After laying out the basic framework for the Dodd-Frank Act, Skeel then proceeds to break down the content into key regulatory reforms enacted under this law. This include the new derivative reforms, capital requirements, Consumer Protection Agency, new resolution tools at the FDIC’s disposal, and international regulations changes. Each of these topics were broken down into bite-sized sections that provide a basic overview of what the law will mean and its implementation.

Skeel also introduces his imaginary example bank referred to as Bank of the World, a massive would-wide financial conglomerate. He uses this example bank through multiple sections to demonstrate how the law would hypothetically impact the firm under a given set of circumstances, particularly the negative impact it may have.

Lastly, Skeel provides two chapters that give his opinion on changes that could be made to the existing law which, he claims, would have a profound impact on undoing a large part of the damage created by Dodd-Frank. This includes changes to treatments of derivatives under the current bankruptcy law and resolution constraints under the FDIC.

While the author did provide a basic overview of the Dodd-Frank Act, he failed to provide any deep explanations that yield useful understanding. This theme was kept constant through the book and was especially prominent in his chapters of proposed changes. I do understand that this piece of legislation is far too large to provide a full detailed explanation; however, I believe that the author failed to provide enough information to educate the reader in a manner that would allow a reasonable understanding of the topic. Through the text, the author makes clear that he believe much of the Dodd-Frank Act is harmful but yet fails give any more than a simple reasoning why. How can one be expected to agree with his point of view without being provided with a strong argument for the case? Being a former student and current professor of law, one would expect this to be common practice. If the author wants his readers to agree with his point-of-view, more emphasis should have been placed on explanations and understanding.
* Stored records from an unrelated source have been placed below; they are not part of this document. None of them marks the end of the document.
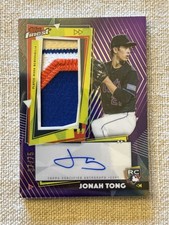 Jonah Tong 2026 Topps Finest #RPA-JT Purple Refractor Patch Auto # /75 Rookie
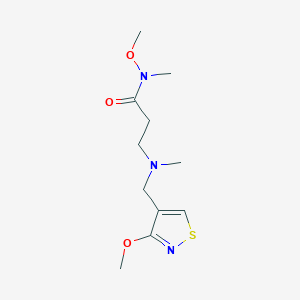 molecular formula C11H19N3O3S B7098827 N-methoxy-3-[(3-methoxy-1,2-thiazol-4-yl)methyl-methylamino]-N-methylpropanamide 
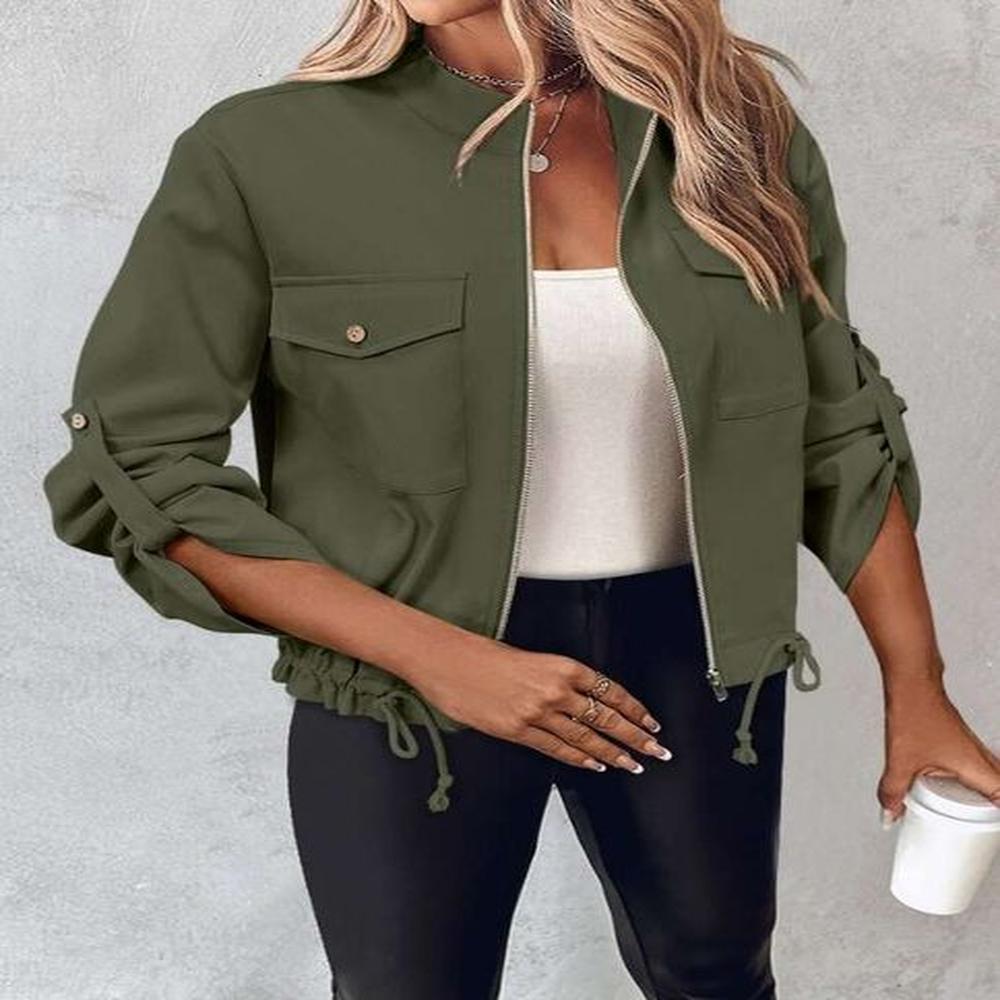 fashion flip pocket curly tongue sleeve drawstring bottom zipper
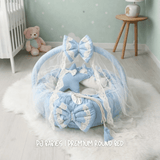 Baby Blue Cloud Reversible Premium Baby Round Cot & Play Mat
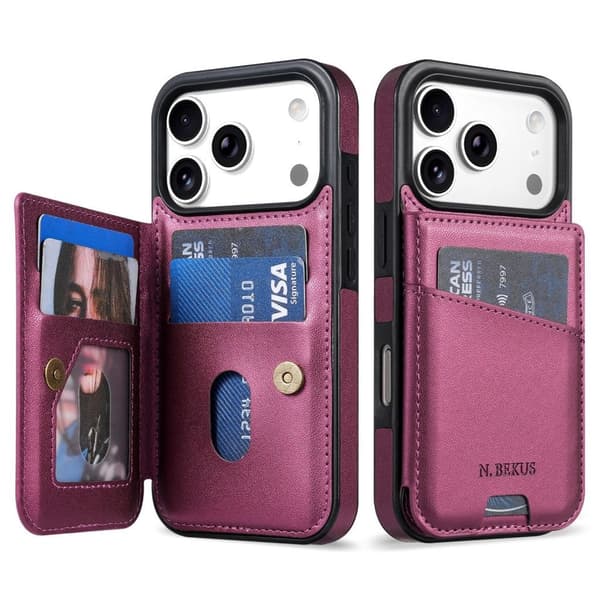 N.BEKUS iPhone 18 Pro/17 Pro Wallet Case RFID Blocking - Dark Purple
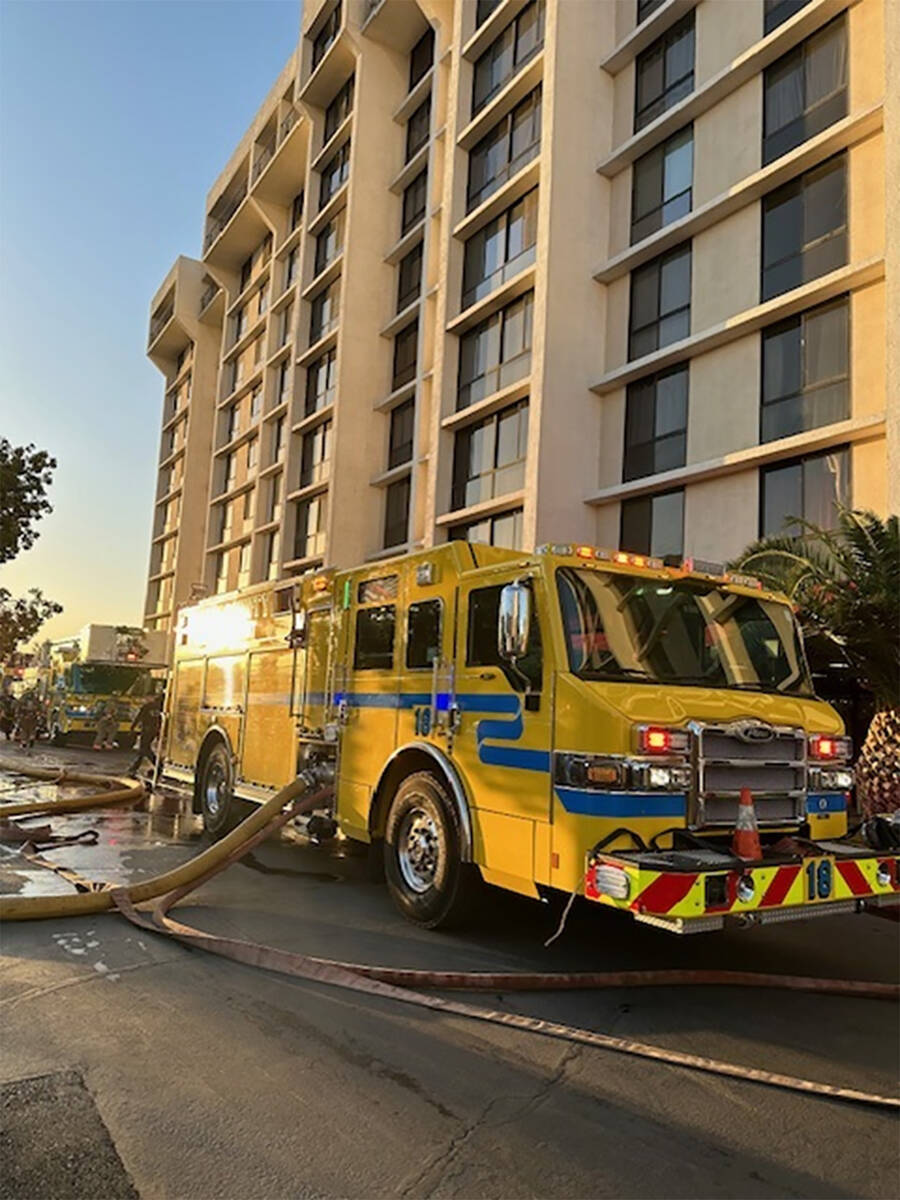 Clark County Fire Department trucks at a fatal fire at 3930 University Center near East Flaming ...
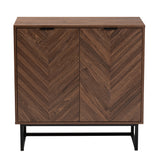 Baxton Studio Sadia Modern Walnut Brown Finished Wood Storage Cabinet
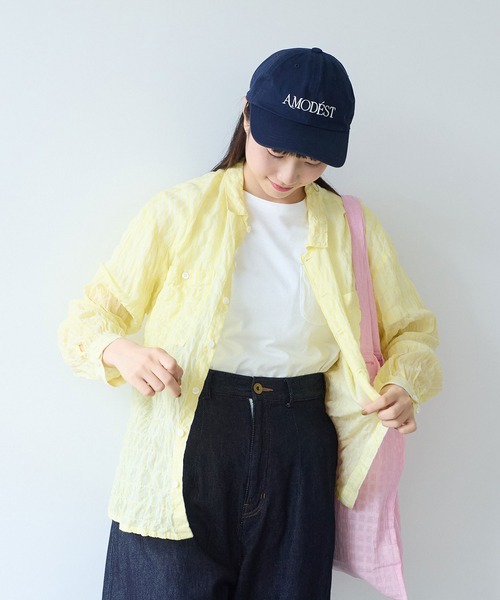 bulle de savon（ビュルデサボン）の「80/1 shirring stripe しかくシャツ（シャツ/ブラウス・レディース・ホワイト/イエロー・FREE）」の13枚目の写真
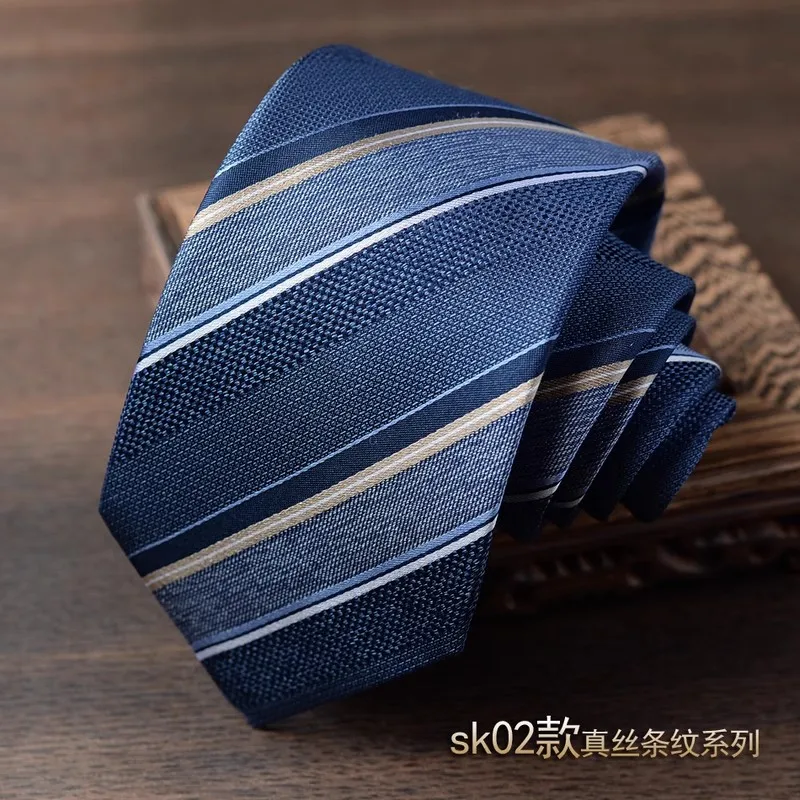 Silkworm 100% Silk Tie Men's Business Stripe Formal Dress Professional Korean Handmade Versatile Work Blue Striped Real Silk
My particular area of concern was his proposed changes. I can confidently say that I do not have enough information to form an opinion on whether or not these changes would have any meaningful impact. The author does a great job at outlining what he proposes as changes, but fails miserably in providing any explanation of why these changes would prove to be positive. He simply provides a short explanation of how his hypothetical bank, Bank of the World, would be impacted differently under his changes versus the current law and how these would be positive. However, I do not believe that providing a simple one situational example can shed any real light on the impact of his proposed changes. I believe the author needs to revise this piece of work and provide a more rigors analysis of how his proposed changes would improve or fix the Dodd-Frank legislation.
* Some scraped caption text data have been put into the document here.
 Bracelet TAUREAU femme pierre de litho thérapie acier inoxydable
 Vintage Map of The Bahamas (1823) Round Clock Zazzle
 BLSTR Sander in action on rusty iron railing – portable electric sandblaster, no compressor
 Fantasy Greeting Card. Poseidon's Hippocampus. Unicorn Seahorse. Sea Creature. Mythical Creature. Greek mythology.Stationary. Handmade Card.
On a bright note, I do believe the author used his extensive academic background that focuses on corporate law to provide useful insight into the benefits associated with bankruptcy. A great deal of reference was made to how current bankruptcy law could have resolved with many of the situations that Dodd-Frank is attempting to deal with. The author also indicates that he would like to see changes in the current law that provide preferential treatment to derivatives in bankruptcy proceedings. This was great insight from an individual with great expertise in this field.
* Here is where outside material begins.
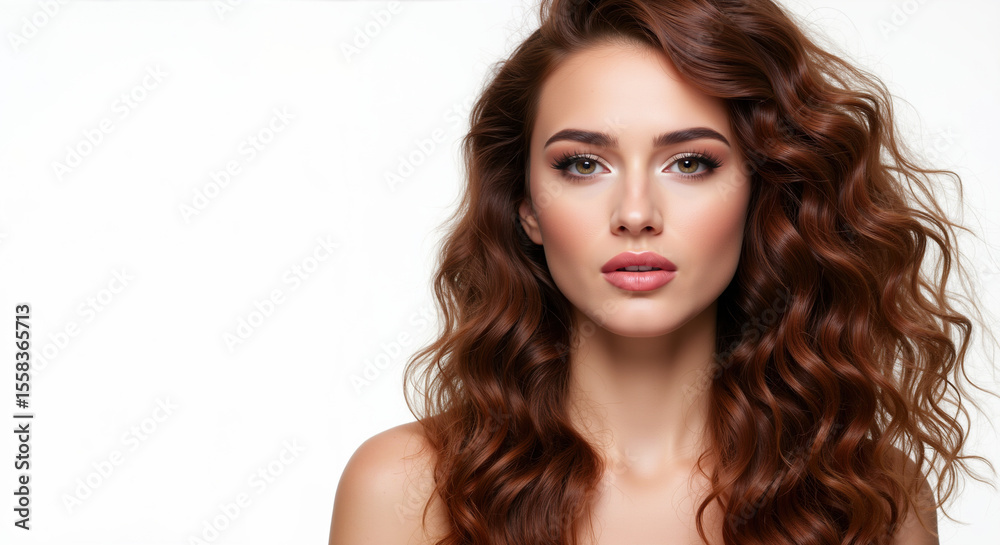 Fototapeta premium Woman with long wavy brown hair with copper highlights on white background. Hair coloring and styling demonstration for salon balayage and highlighting services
In conclusion, David Skeel has created a great framework for what could have been a very informative book. I believe that the author would create a significantly stronger piece of writing by expanding on his current edition. While I do believe that I have gained a better understanding of the Dodd-Frank through reading this text, I would have liked to have gained a better understanding of the true implication of the law. While I am not overall satisfied with this book, due to its relatively short length and semi-useful information, I do recommend it as a read for anyone interested in the Dodd-Frank Act.